**ACTIVITY**: What are the lines below, starting at the line containing "2025年最新】twice ラブリーバックチャームの人気アイテム - メルカリ" and ending at the line containing "Maneuvering sound source"? Write them out exactly, ends included, without pictures.

**INPUT**:

== Segment start ==

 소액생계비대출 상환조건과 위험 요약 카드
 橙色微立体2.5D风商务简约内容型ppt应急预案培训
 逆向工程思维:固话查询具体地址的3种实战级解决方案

== Segment end ==
== Segment start ==

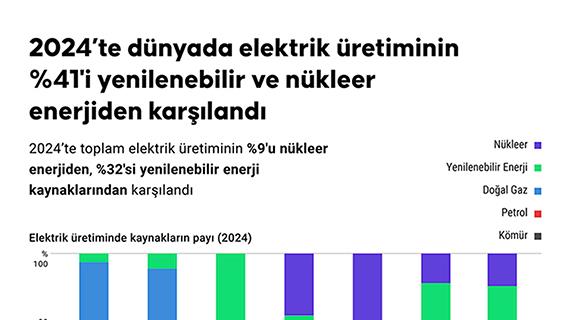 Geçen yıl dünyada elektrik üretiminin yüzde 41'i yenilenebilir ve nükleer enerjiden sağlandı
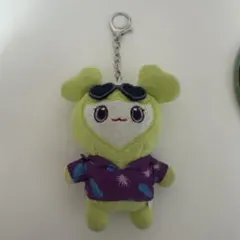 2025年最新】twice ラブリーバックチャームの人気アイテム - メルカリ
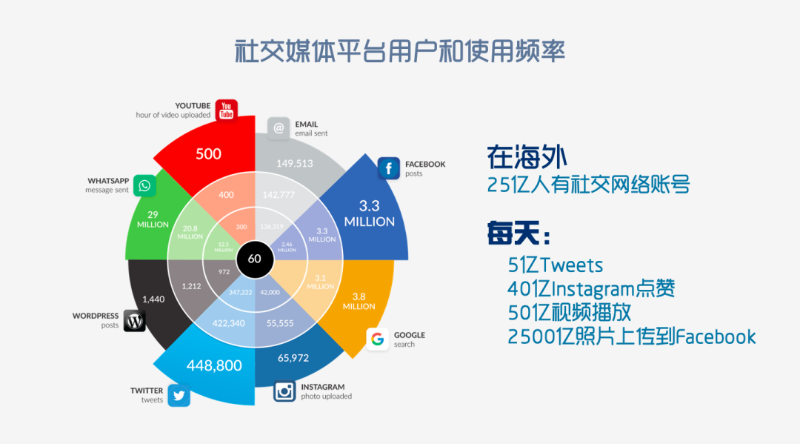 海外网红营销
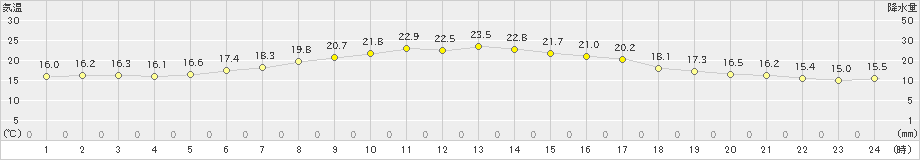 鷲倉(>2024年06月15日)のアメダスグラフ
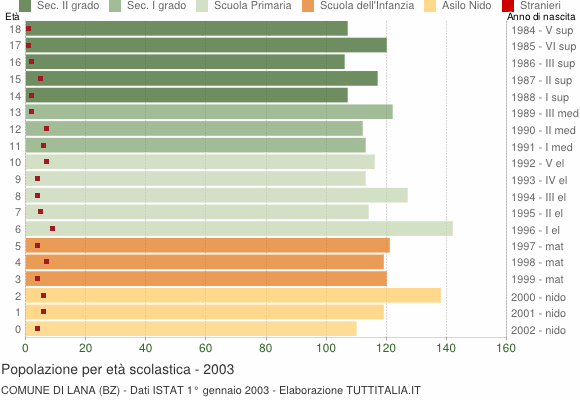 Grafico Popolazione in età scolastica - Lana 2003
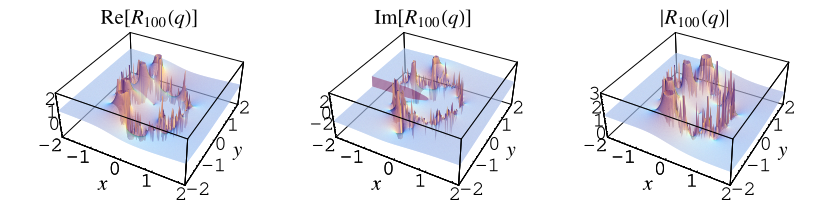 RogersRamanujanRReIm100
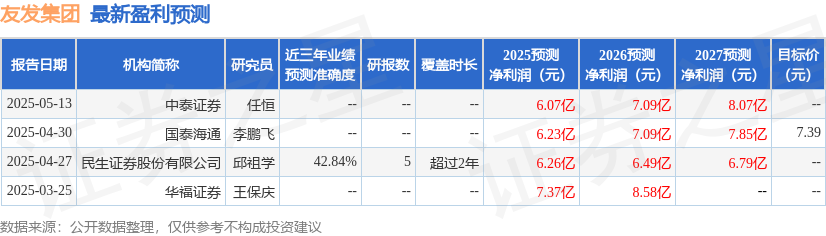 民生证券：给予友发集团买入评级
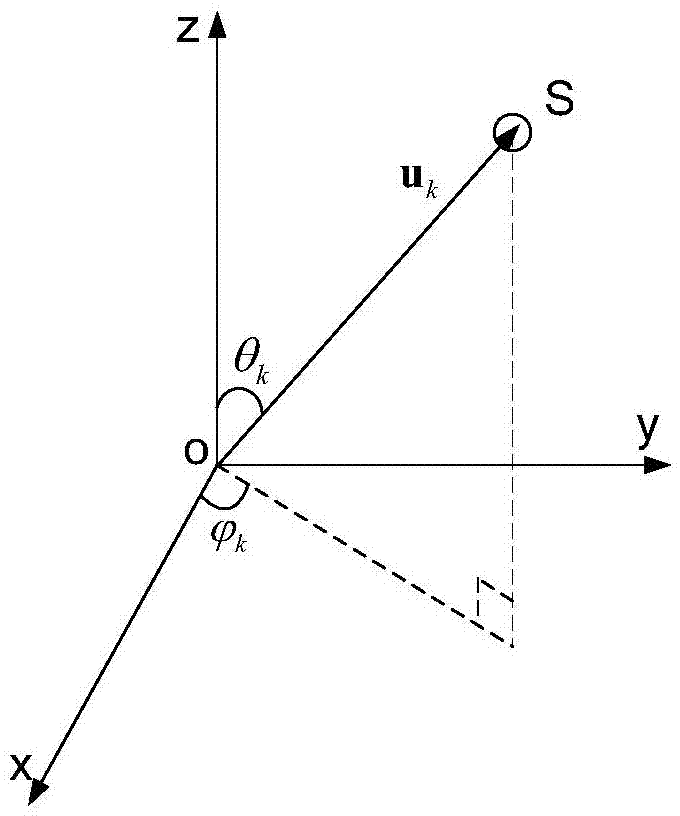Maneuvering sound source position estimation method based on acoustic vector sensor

== Segment end ==

**RESULT FOR THIS TASK**:
 2025年最新】twice ラブリーバックチャームの人気アイテム - メルカリ
 海外网红营销
 鷲倉(>2024年06月15日)のアメダスグラフ
 Grafico Popolazione in età scolastica - Lana 2003
 RogersRamanujanRReIm100
 民生证券：给予友发集团买入评级
Maneuvering sound source position estimation method based on acoustic vector sensor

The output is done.